Int J Med Sci 2013; 10(9):1092-1098. doi:10.7150/ijms.6251 This issue
1. Department of Traumatology, National Taiwan University Hospital, Taipei, Taiwan;
2. Division of Nephrology, Department of Internal Medicine; National Taiwan University Hospital, Taipei, Taiwan;
3. Division of Nephrology, Department of Internal Medicine, National Taiwan University Hospital Yun-Lin Branch, Yun-Lin County, Taiwan;
4. Division of Nephrology, Department of Internal Medicine, National Taiwan University Hospital Hsin-Chu Branch, Hsin-Chu County, Taiwan;
5. Department of Emergency Medicine, National Taiwan University Hospital, Taipei, Taiwan;
6. Department of Geriatrics and Gerontology, National Taiwan University Hospital, Taipei, Taiwan;
7. Department of Integrative diagnostics and Therapeutics, National Taiwan University Hospital, Taipei, Taiwan.
Introduction: Non-Pseudomonas gram-negative bacteria are responsible for an increasing proportion of cases of peritoneal dialysis (PD)-related peritonitis. The role of Citrobacter species in the etiology of PD-related peritonitis is often underestimated. In the present study, we aimed to describe the clinical features, laboratory findings, and short- and long-term outcomes in PD-related peritonitis caused by Citrobacter.
Methods: A retrospective review of all episodes of PD-related peritonitis caused by Citrobacter from a single center between 1990 and 2010 was performed. Clinical features, microbiological data, and outcomes of these episodes were analyzed.
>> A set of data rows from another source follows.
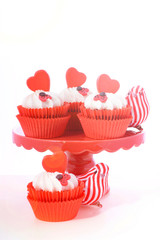 Red and white Valentine's cupcakes with hearts and love bug decorations with lens flare.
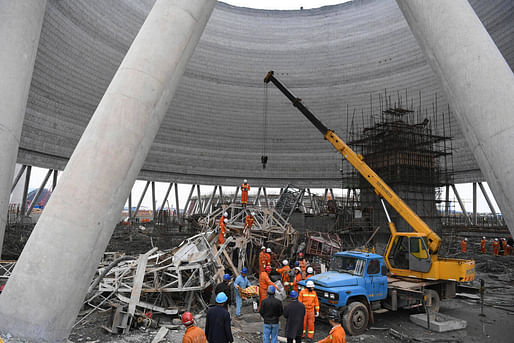 In this photo released by Xinhua News Agency, rescue workers look for survivors after a work platform collapsed at the Fengcheng power plant in eastern China's Jiangxi Province, Thursday, Nov. 24, 2016. State media reported dozens were killed after the scaffolding tumbled down. (Wan Xiang/Xinhua via AP)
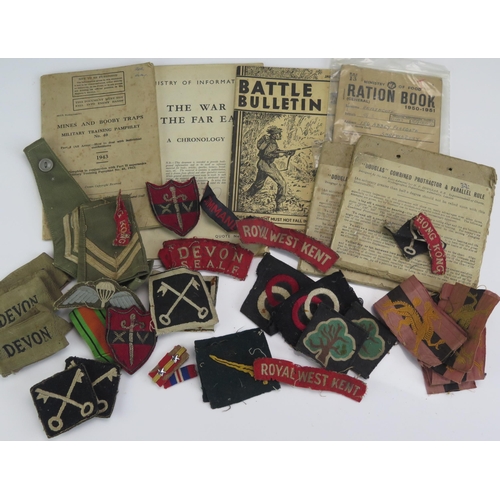 1204B - A collection of assorted military cloth badges, two Douglas combination protractor and parallel rule... 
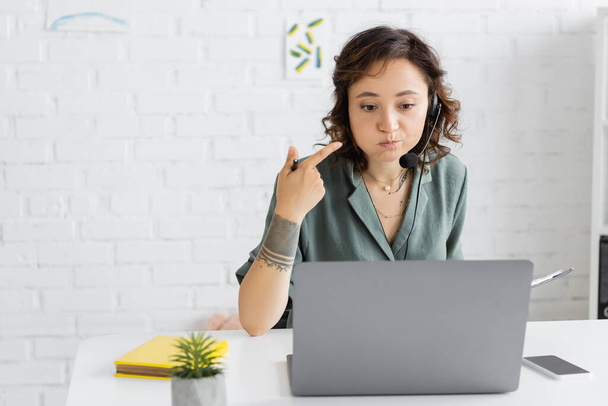 Speech therapist in headset pointing at mouth and holding clipboard during video call on laptop in consulting room  - 写真・画像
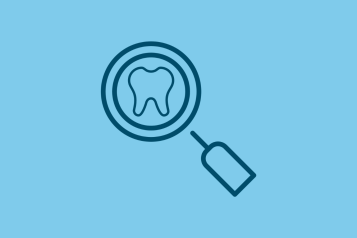 Icon of a magnifying glass and a tooth.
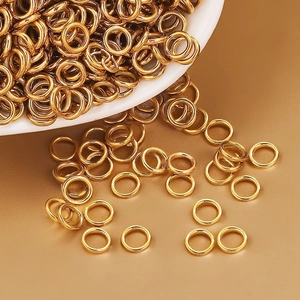 Bulk gold plated stainless steel jump rings for DIY jewelry making in a white ceramic bowl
Results: Citrobacter species was responsible for 11 PD-related episodes (1.8% of all peritonitis episodes) in 8 patients. Citrobacter freundii was the most common etiologic species (73%), and mixed growth was found in the other 3 episodes (27%). Approximately half (46%) of the episodes were associated with constipation and/or diarrhea. Of the Citrobacter isolates from all episodes, 54% were resistant to cefazolin, and only 18% were susceptible to cefmetazole. All isolates were susceptible to ceftazidime, cefepime, carbapenem, and aminoglycosides. More than half of the patients (54%) were hospitalized for index peritonitis, and 27% of the episodes involved a change in antibiotic medication. One patient had relapsing peritonitis caused by C. koseri (9%). The mortality rate of PD-related peritonitis caused by Citrobacter was 18%, and 89% of surviving patients developed technique failure requiring a modality switch after an average of 12 months of follow-up (range 1.2-31.2 months).
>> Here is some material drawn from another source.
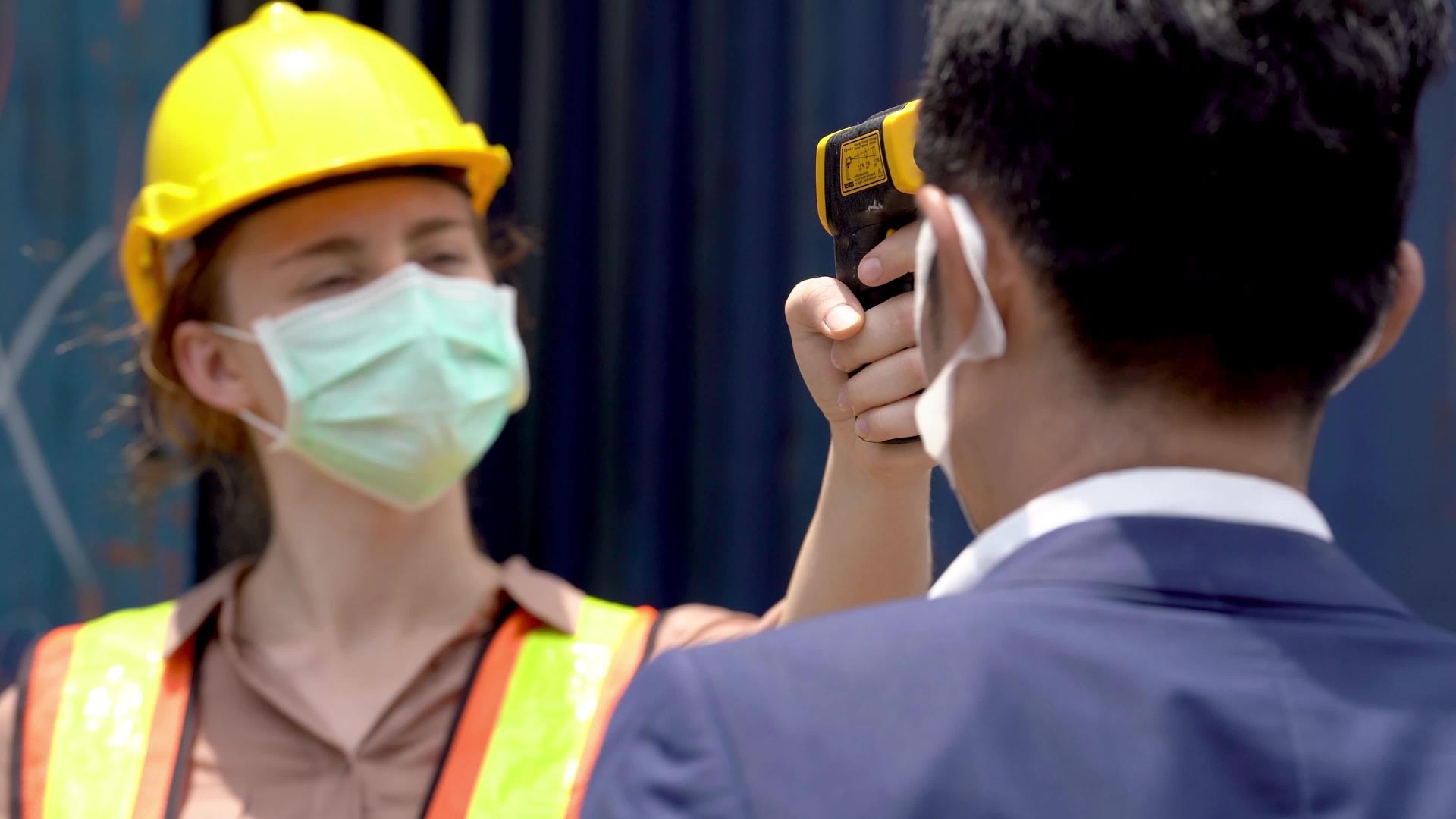 工厂工人戴口罩用温度计检查视频的预览图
Conclusion: PD-related peritonitis caused by Citrobacter is associated with poor outcomes, including high rates of antibiotic resistance, a high mortality rate, and a high rate of technique failure among survivors during the follow-up period.
Keywords: Citrobacter, end-stage renal disease, gram-negative bacteria, peritoneal dialysis, peritonitis.